The replication controller 108 replicates (at 109), over a network 120, the modified weights (including W11-21 and W14-22) to the journal repository 104. The replication is performed through a journal write agent 125 in the backup controller 110. The modified weights are replicated into respective journal entries 132 and 134 of the journal repository 104. The modified weight W11-21 is added to the journal entry 132, and the modified weight W14-22 is added to the journal entry 134. Along with the value of the modified weight, each journal entry 132 or 134 also includes an indication of an edge that the modified weight is associated with.
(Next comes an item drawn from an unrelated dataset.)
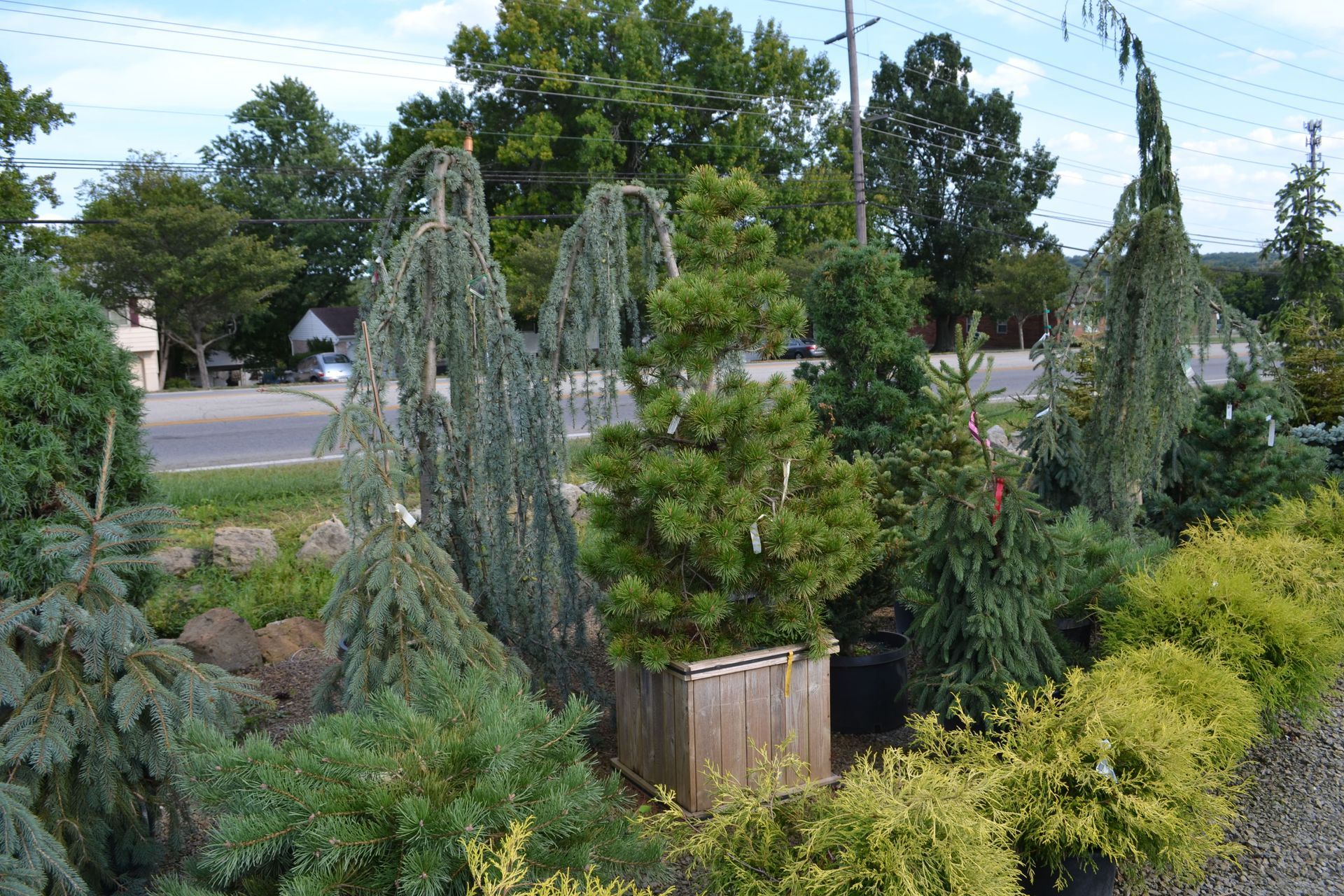 Picture Of Potted Plants In The Backyard – Fairfield, OH – Lakeview Garden Center & Landscaping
The indication can be in the form of identifiers of the nodes connected by the edge, or some other identifier of an edge.
Prior to application of the journal entries 132 and 134 to the backup model representation 116, the backup model representation 116 represents a neural network with weights that are set to values prior to the modification of weights W11-21 and W14-22. Thus, for example, prior to application of the journal entries 132 and 134 to the backup model representation 116, a copy of the neural network represented by the backup model representation 116 has W11-21 set to 3.2 (instead of the updated value 3.1), and weight W14-22 set to 1.2 (instead of updated value 1.9).
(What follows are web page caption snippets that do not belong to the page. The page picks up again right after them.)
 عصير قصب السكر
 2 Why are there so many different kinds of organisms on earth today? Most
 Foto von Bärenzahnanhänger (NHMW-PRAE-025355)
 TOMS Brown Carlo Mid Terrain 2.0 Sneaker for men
The backup controller 110 includes the journal write agent 125 to write journal entries to the journal repository 104, in response to replicate requests from the replication controller 108. A replicate request can include a request to replicate one or more write events to the journal repository 104. The journal write agent 125 generates write commands to write respective journal entries to the journal repository 104. An "agent" in a controller can refer to a portion of the hardware processing circuitry of the controller, or to machine-readable instructions executed by the controller.
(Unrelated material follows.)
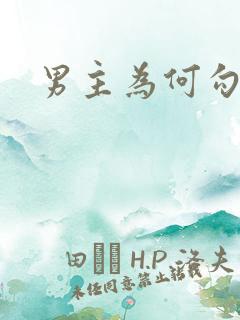 男主为何勾引我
The backup controller 110 includes a replay agent 122 that is to apply (at 124) the journal entries 132 and 134 in the journal repository 104 to the backup model representation 116. The replay agent 122 can apply (at 124) the journal entries to the backup model representation 116 in response to a user request, or in response to another trigger (e.g., a periodic trigger associated with periodically applying journal entries to the backup model representation 116, or any other type of trigger). In some examples, the journal entries are applied to the backup model representation 116 in the same order as the journal entries were added to the journal repository 104. After applying the journal entries in the journal repository 104 to the backup model representation 116, the journal entries can be removed from the journal repository 104.
The backup controller 110 further includes a recovery agent 126 that can recover a target version of the neural network based on content of the journal repository 104 and the backup model representation 116. The target version of the neural network can be a version of the neural network that is prior to a current version of the neural network. The target version of the neural network is referred to as a "recovery neural network" that can be used to replace a corrupted or lost neural network.
In some examples, the recovery agent 126 includes a recovery application programming interface (API) 128 that is accessible to client devices, such as a client device 130. The recovery API 128 includes various routines that can be invoked by the client device 130 to perform a model recovery operation. For example, in response to a request of a user or another entity at the client device 130, the client device 130 can invoke a routine of the recovery API 128 to initiate the model recovery operation. The invoked routine of the recovery API 128 can send a recovery query to the journal repository 104 and the backup repository 106 to recover the target version of the neural network.
A "recovery query" refers to a query that is submitted to retrieve data for recovering a neural network. The recovery query can include a filter specifying one or more criteria (or predicates). Any journal entries of the journal repository 104 that satisfy the filter are retrieved from the journal repository 104. The retrieved journal entries are merged with the backup model representation 116 to produce the target version of the neural network.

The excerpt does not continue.